In short, these XML text files act as the source code for the UDM.
The UDM features a novel architecture boasting a unique set of capabilities. These capabilities provide us with a number of advantages over more traditional OLAP implementations. They go a long way toward solving the problems and frustrations that often accompany business intelligence implementation.
The UDM allows OLAP cubes to be built directly on top of transactional data. The UDM does not need a strict star or snowflake schema data mart as its data source. Instead, any well-structured, relational database works just fine.
This eliminates the effort necessary to copy data from the OLTP system into a data mart. With UDM, the data can be utilized directly from the OLTP system without a large extract, transform, and load process. This greatly simplifies an OLAP implementation project, providing savings of both time and money.
By building our OLAP system directly on top of the OLTP system, we can eliminate much of the latency required in data warehousing systems. In fact, we can have real-time or near real-time performance. However, we must take care to balance the need for real-time business intelligence with the load that is placed on the OLTP system. Still, if the computing power is available, real-time performance is attainable in a straightforward environment.

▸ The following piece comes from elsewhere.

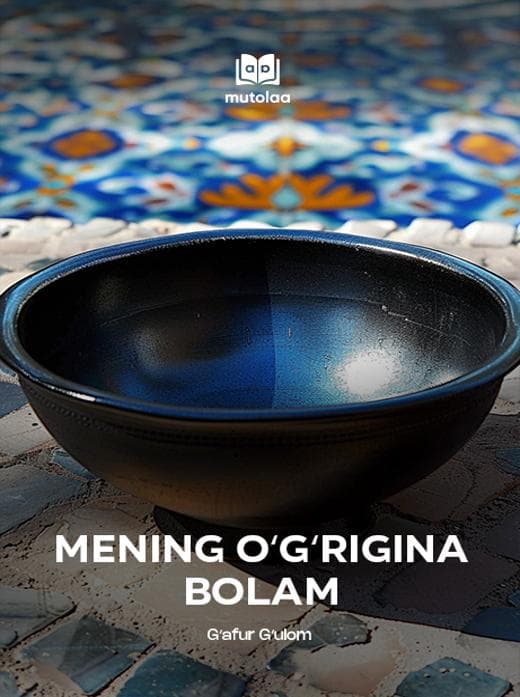 Muqova: Mening oʻgʻrigina bolam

The UDM architecture removes much of the complexity that accompanies most OLAP projects. The UDM eliminates the need to create and maintain a data mart, and it does away with the extract, transform, and load routines that must accompany it. This alone makes creating business intelligence with the UDM orders of magnitude simpler than other OLAP architectures.
On top of this, the Business Intelligence Development Studio provides a user-friendly environment for creating, reviewing, and maintaining all of the items in a UDM. Dimension and Cube Wizards guide you step-by-step through the creation of these objects, making suggestions along the way. In short, it has never been easier to provide the benefits of an OLAP system to your decision makers.
Because the definition for each of the objects in the UDM is stored in its own XML text file, the objects in the UDM can be managed by a source code utility. The source code utility can track these objects as you develop your UDM. It can also provide version control in case you need to undo a change to an object's definition and roll it back to an earlier version.